De acordo com o artigo 2.º, n.º 1 da mesma lei, quando o teste realizado em analisador qualitativo indicie a presença de álcool no sangue, o examinando é submetido a novo teste, a realizar em analisador quantitativo, devendo, sempre que possível, o intervalo entre os dois testes não ser superior a trinta minutos.
Das normas acima descritas resulta que o aparelho qualitativo tem por função sinalizar a presença de álcool no sangue, não cuidando da quantificação de uma taxa de álcool no sangue (TAS). Daí que se refira no texto legal que a presença de álcool no sangue é indiciada por meio de teste no ar expirado efetuado em analisador qualitativo e quando o teste realizado em analisador qualitativo indicie a presença de álcool no sangue.

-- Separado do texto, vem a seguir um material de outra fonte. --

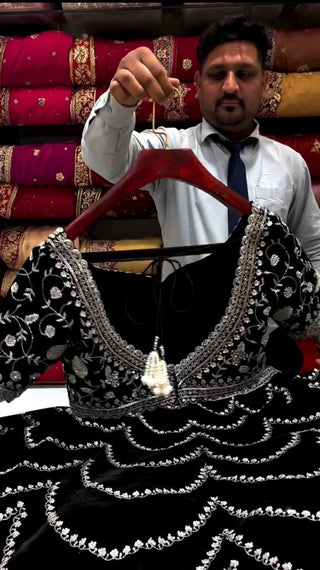 Black Premium Fox Georgette Lehenga Set with Flair & Full Sequin Embroidery ClothsVilla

Os aparelhos (qualitativos) não têm de emitir qualquer talão, entendido este no sentido de registo documental da taxa medida e visam tão só uma primeira despistagem e a consequente seleção dos condutores a submeter a teste quantitativo.
Pese embora o teste qualitativo tenha a função de despistagem claramente definida na lei, sendo que do mesmo apenas resulta uma conclusão genérica sobre a presença de álcool no sangue, certo é que ele faz parte do sistema legal de provas estabelecidas para a detecção do estado de influenciado pelo álcool, determinante do passo seguinte de sujeição ou não ao teste quantitativo, consoante o resultado indiciado pelo primeiro analisador for positivo ou negativo relativamente à presença de álcool.

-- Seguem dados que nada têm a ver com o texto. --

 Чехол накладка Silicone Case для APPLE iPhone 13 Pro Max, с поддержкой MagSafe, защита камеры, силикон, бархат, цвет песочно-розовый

E no caso do imputado crime de desobediência, este não exige nos seus pressupostos a cominação expressa, pela autoridade, de que o desrespeito da ordem emitida faz incorrer o agente em desobediência, pois, como resulta do disposto no artigo 152.º, n.º 3 do Código da Estrada, em conjugação com o que preceitua o artigo 348.º, n.º 1 do Código Penal, a cominação resulta da própria lei e é por via dela que a recusa de o condutor se submeter às provas estabelecidas para a detecção do estado de influenciado pelo álcool é criminalmente punida como desobediência.

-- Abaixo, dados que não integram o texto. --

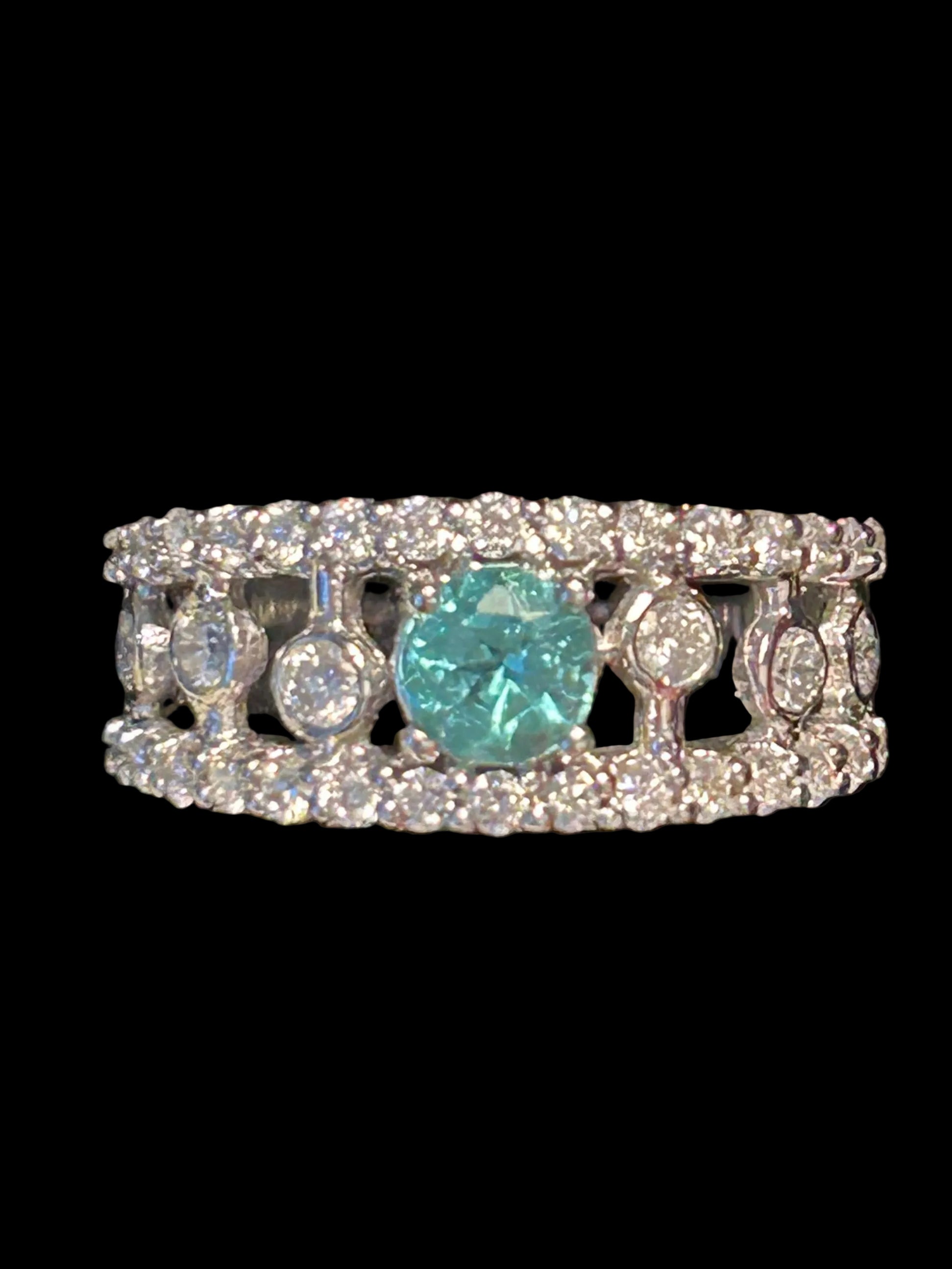 Anello Tourmaline Paraiba Natural neon blue, diamanti, Oro bianco 18k Certificati Italiani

Perante o quadro factual descrito em que se considerou assente que, aquando de uma fiscalização aleatória levada a cabo pela GNR, foi solicitado ao arguido que se submetesse ao teste quantitativo de pesquisa de álcool no ar expirado, tendo este recusado e persistido nessa recusa, mesmo depois de ter sido advertido pelos militares da GNR que se mantivesse tal recusa cometia um crime de desobediência, é manifesto que o recorrente faltou à obediência devida a uma ordem legítima (cf. artigos 153.º, n.º 1, 158.º, n.º 1 do Código da Estrada, artigos 1.º e 2.º, n.º 1 da Lei n.º 18/2007, de 17 de Maio),
Acresce que o arguido agiu de forma livre, deliberada e conscientemente, com o propósito concretizado de recusar a realização de exame quantitativo de pesquisa de álcool no sangue, bem sabendo que desobedecia a uma disposição legal que o impedia de recusar submeter-se ao aludido teste e para o qual fora devidamente advertido das consequências legais em que incorreu se persistisse na sua conduta, como persistiu o que representou.
O arguido quis atuar com o propósito de desobedecer a uma ordem legalmente realizada e comunicada por autoridade competente, o que concretizou.
Cometeu assim um crime de desobediência, não merecendo censura o enquadramento jurídico que foi efetuado na sentença recorrida.
Em conclusão, o recurso não merece provimento.